Ahh, yes, external tests.

I endured seven 100% closed book GCE O level examinations.
My little sister sailed through eight 100% coursework GCSE exams.
My own students have formal public examinations at age 11, 14, 16, 17 and 18. The first two, nominally, judge the school, not the student, but this line has never worked on a nervous child walking into an exam.

It's standard to take between 10 and 12 GCSE exams. Subjects without mandatory GCSE status tend to fold. (Which is a little worrying for Languages departments across the UK, after last year's dropping of the modern language requirement - based on what? The whole world will speak English?)
So: revision classes, pay-revision guides, cohorts of glum faced kids trooping, dejectedly into the halls every four or five weeks - a far more common sight.
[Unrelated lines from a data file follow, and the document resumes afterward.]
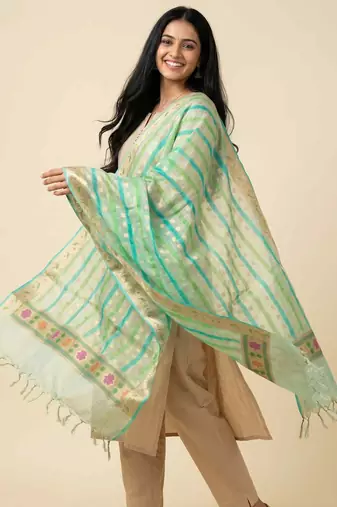 Banarasi pure chiffon silk dupatta in light green colour with zari work
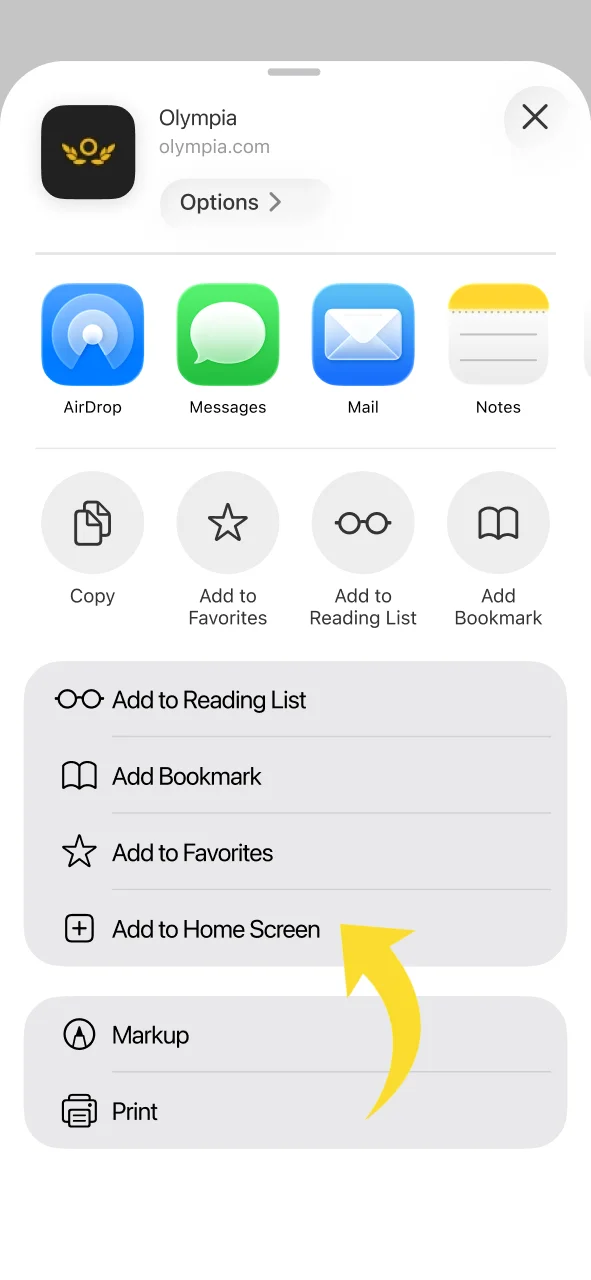 Select Add to Home Screen from the Safari menu for Olympia.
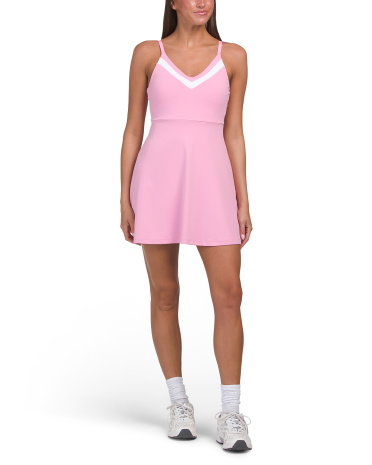 V-Neck Mini Dress With Removable Cups And Built-In Shorts For Women, Spandex/Polyester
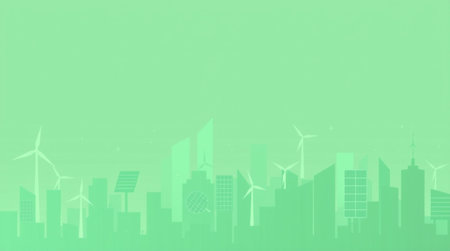 Green city background with wind turbines and solar panels. Renewable energy concept.の写真素材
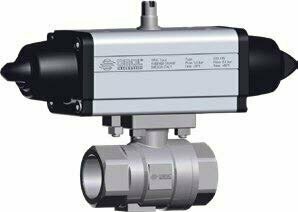 Omal Kogelkraan, 2 Weg, Pneumatisch bediend , G3/8 - DN10, RVS ISO 7/1+SRN 15 / S430H403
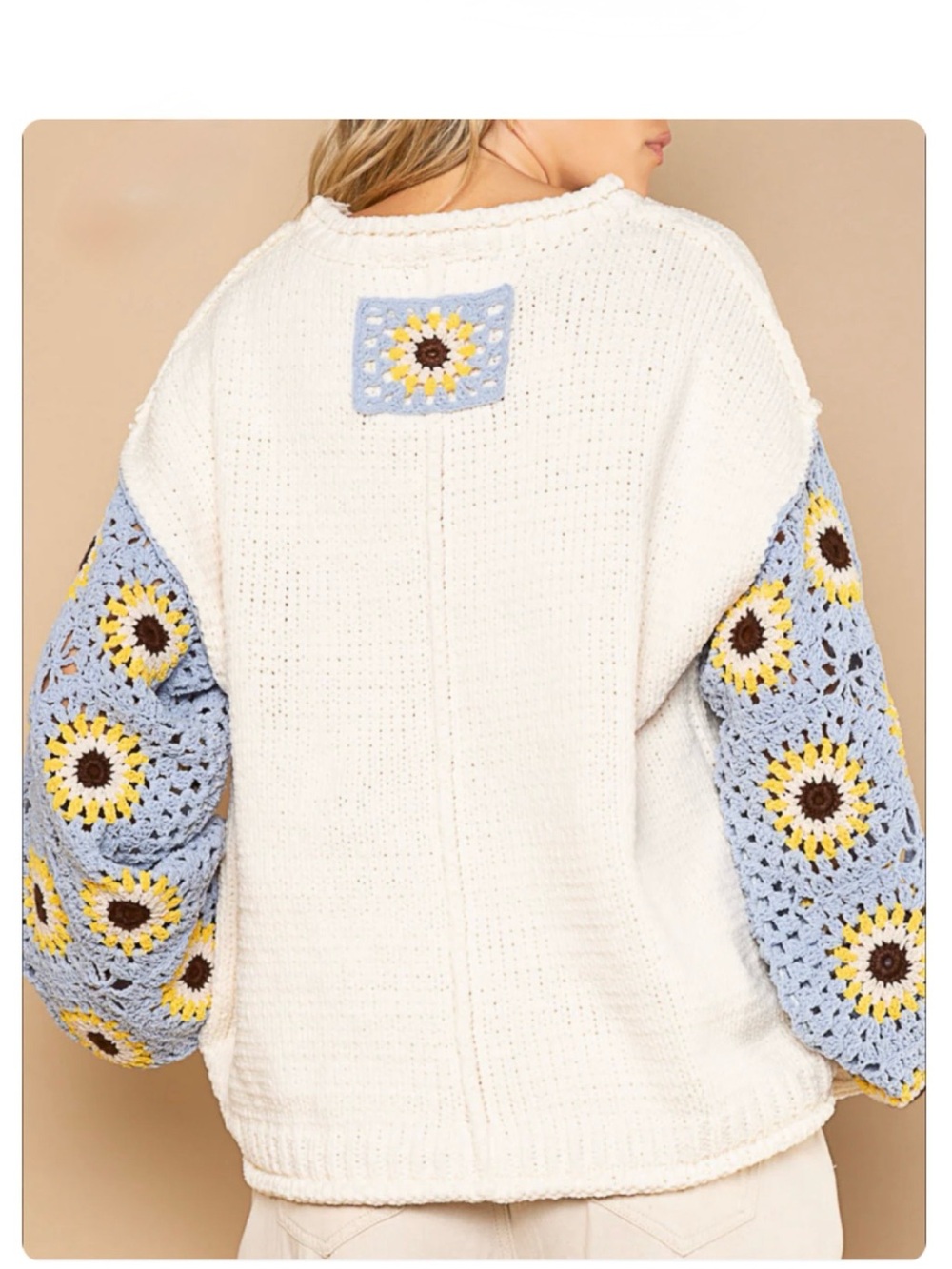 POL crochet sleeve pullover sweater. Size small. - Picture 2 of 9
Extra classes run by teachers correspondingly means fewer clubs and activities run by teachers - but as there's a seven page risk assessment for each child we take on a trip outside the school gates, and trips still remain unpaid, I'd assume out of school activities are plummeting from the radar in most establishments.
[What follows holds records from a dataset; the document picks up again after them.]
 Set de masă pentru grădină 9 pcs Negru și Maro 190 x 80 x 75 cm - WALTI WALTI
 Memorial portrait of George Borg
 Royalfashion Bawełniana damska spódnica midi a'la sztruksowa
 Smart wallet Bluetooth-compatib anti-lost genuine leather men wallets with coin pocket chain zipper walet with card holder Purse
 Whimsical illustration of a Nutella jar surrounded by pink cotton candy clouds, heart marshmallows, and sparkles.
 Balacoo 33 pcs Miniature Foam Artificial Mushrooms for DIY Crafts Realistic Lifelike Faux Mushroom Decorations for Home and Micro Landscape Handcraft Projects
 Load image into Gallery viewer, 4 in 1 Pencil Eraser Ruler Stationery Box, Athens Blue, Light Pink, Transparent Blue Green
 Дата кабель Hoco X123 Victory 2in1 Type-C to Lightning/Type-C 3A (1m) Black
This is matched by a growing parental culture of fear and distrust about children - it's a tricky thing to get children away from their solitary playstation after dark, as most parents (more absentee / working than in my day) assume murder/abduction/worse awaits on every darkened streetcorner for any school aged child.

Better to shut them in with a satellite cable or a net connection.
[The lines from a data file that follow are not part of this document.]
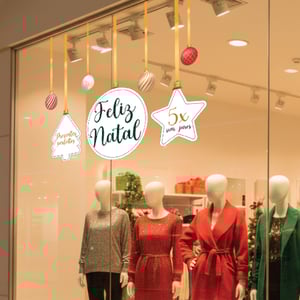 Adesivo estrela natalina - vitrine aérea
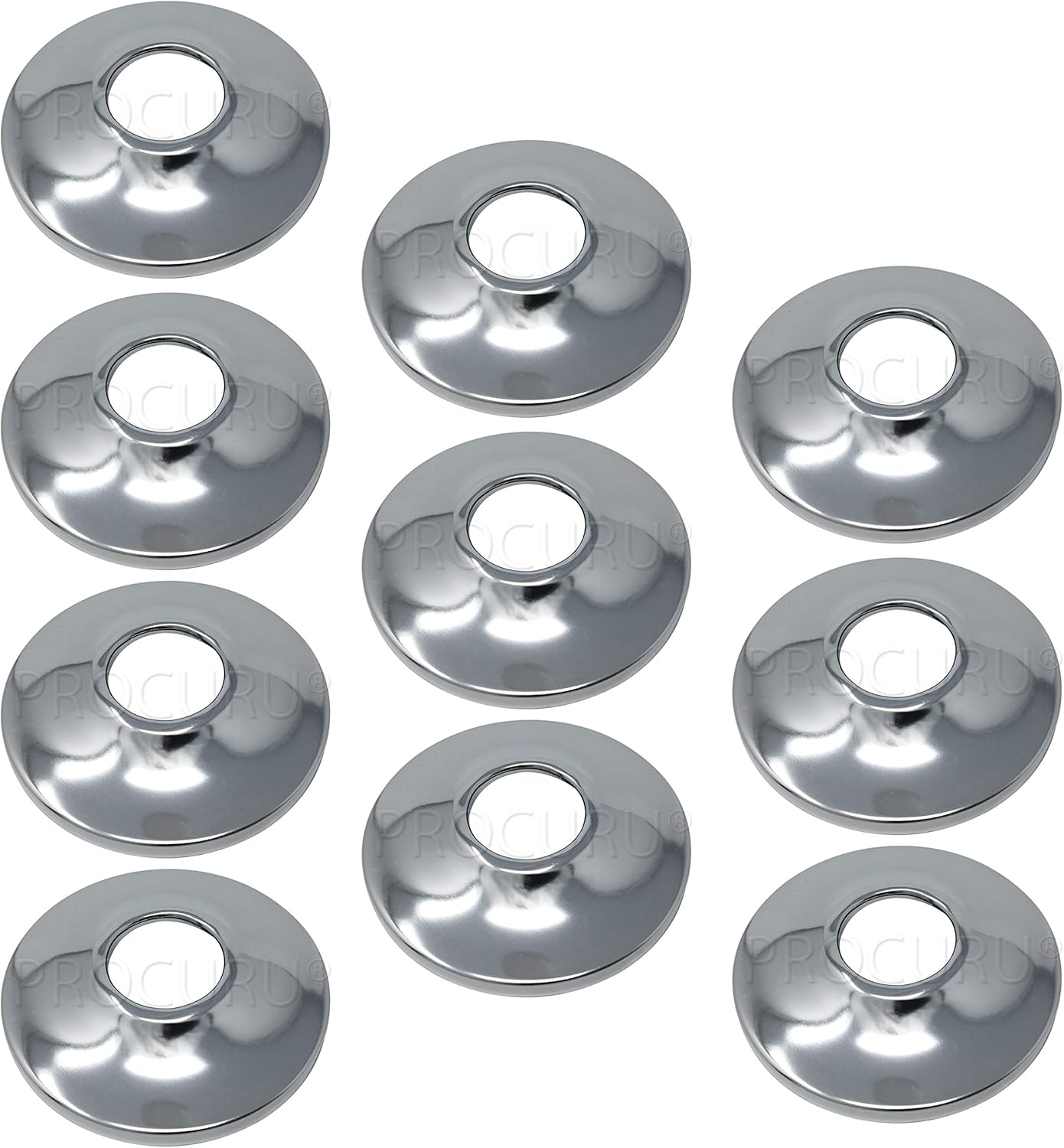 PROCURU 1/2-Inch CTS (5/8" OD) E1711 Escutcheon Wall Pipe Cover, Chrome-Plated Steel with SureGrip, New Work Installation, for 1/2" Copper Pipe and 1/2" PEX Tubing (10-Pack)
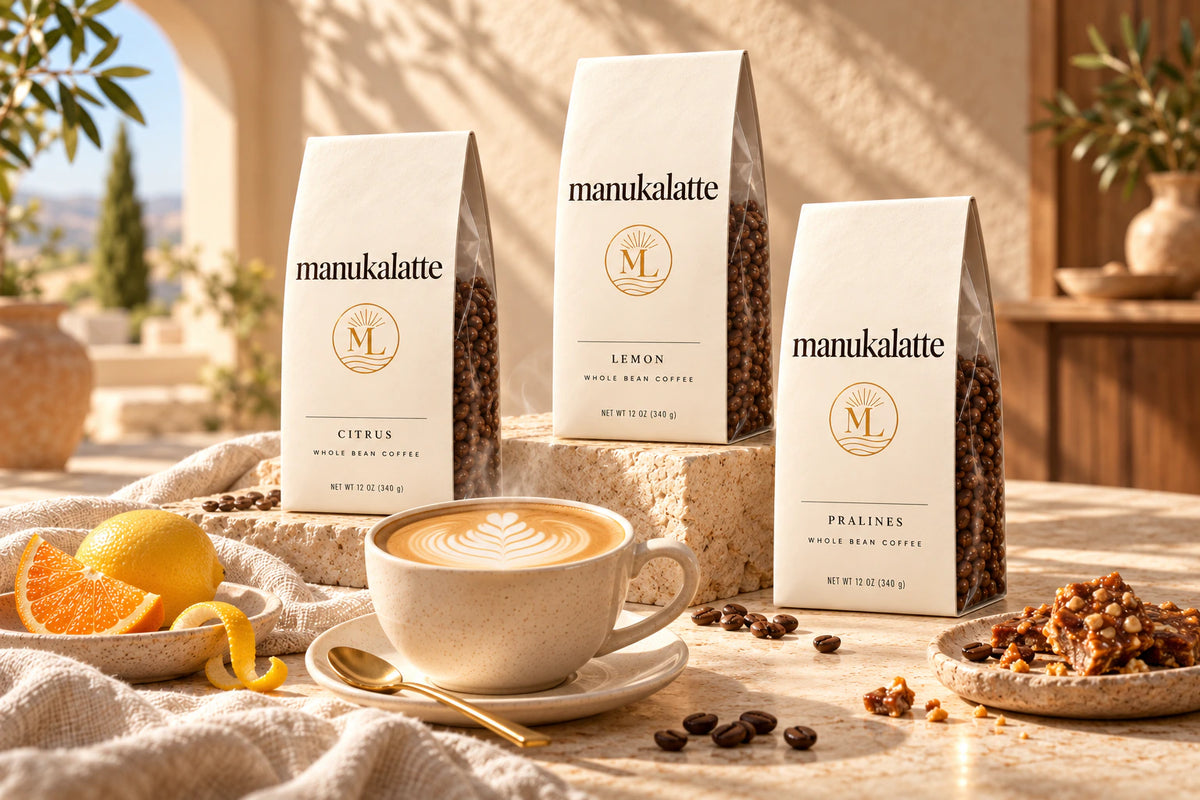 Three Manukalatte bags, Citrus, Lemon and Pralines, with a latte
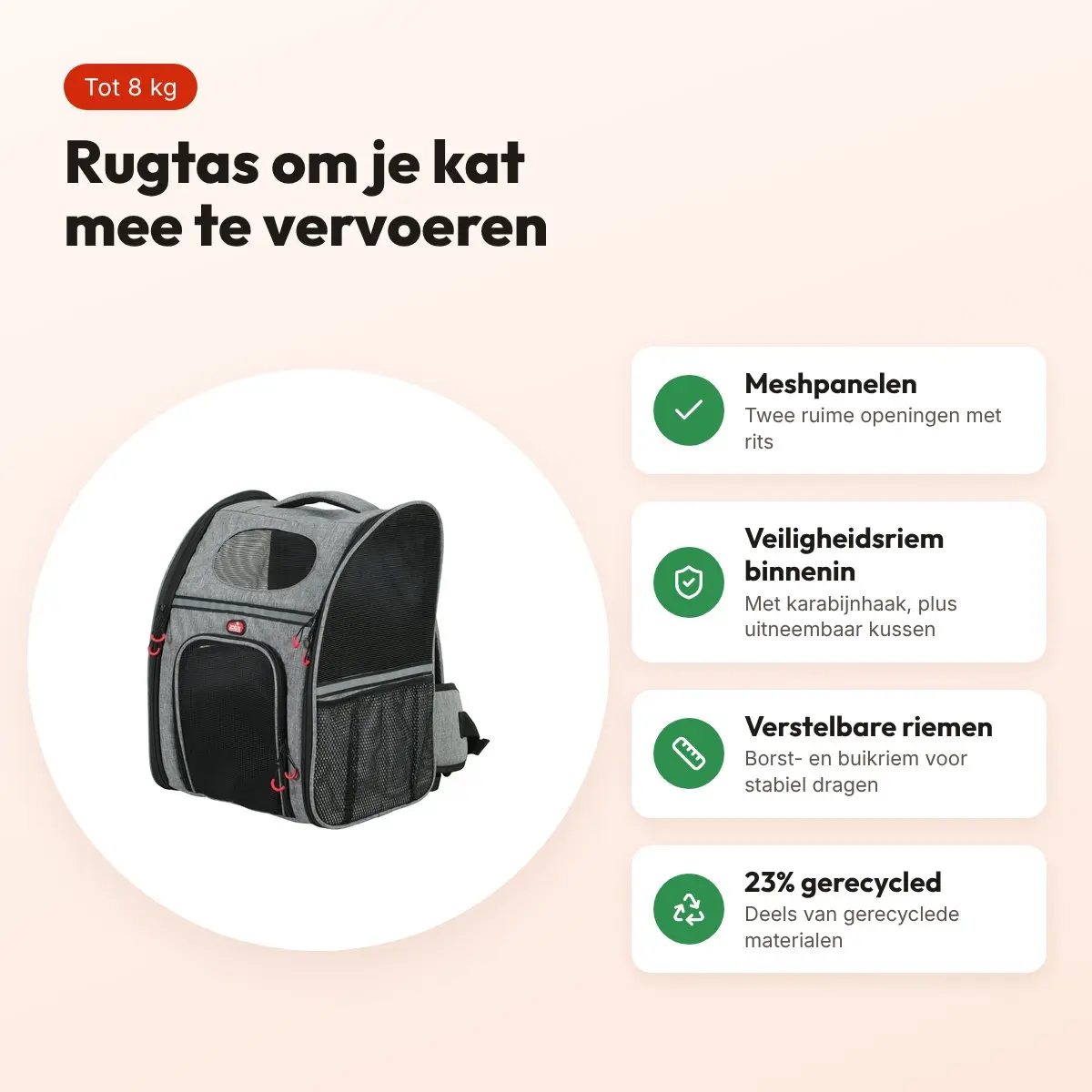 Zolux kattentas rugtas grijs/zwart tot 8 kg – 30 x 25,5 x 42 cm – voordelen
Oh dear, I think I'm depressing myself.

Merry Christmas. See you in the bright New Year.

Thursday, December 16, 2004

The horrors of delivering a unit of GCSE certificated coursework that forms 10% of students' final grades, and must be delivered through group work in a mixed ability set.

I decided to be realistic. Explained that a group depends upon its members for its grade. That if they were in a group with students who truant, mess around, or refuse to work to speed, there's a direct dampening of all group memebers' GCSE grade. Asked them if they'd prefer to negotiate their own groupings, or have me decide unilaterally who works with whom.
They voted unanimously for self-selected groups. They select their groups, and inevitably, five students are left alone and quietly staring at their feet, plus another six who are absent.
This means I get to divide up the non-attendees, and the - frankly - more useless of the students, so they're fairly spread.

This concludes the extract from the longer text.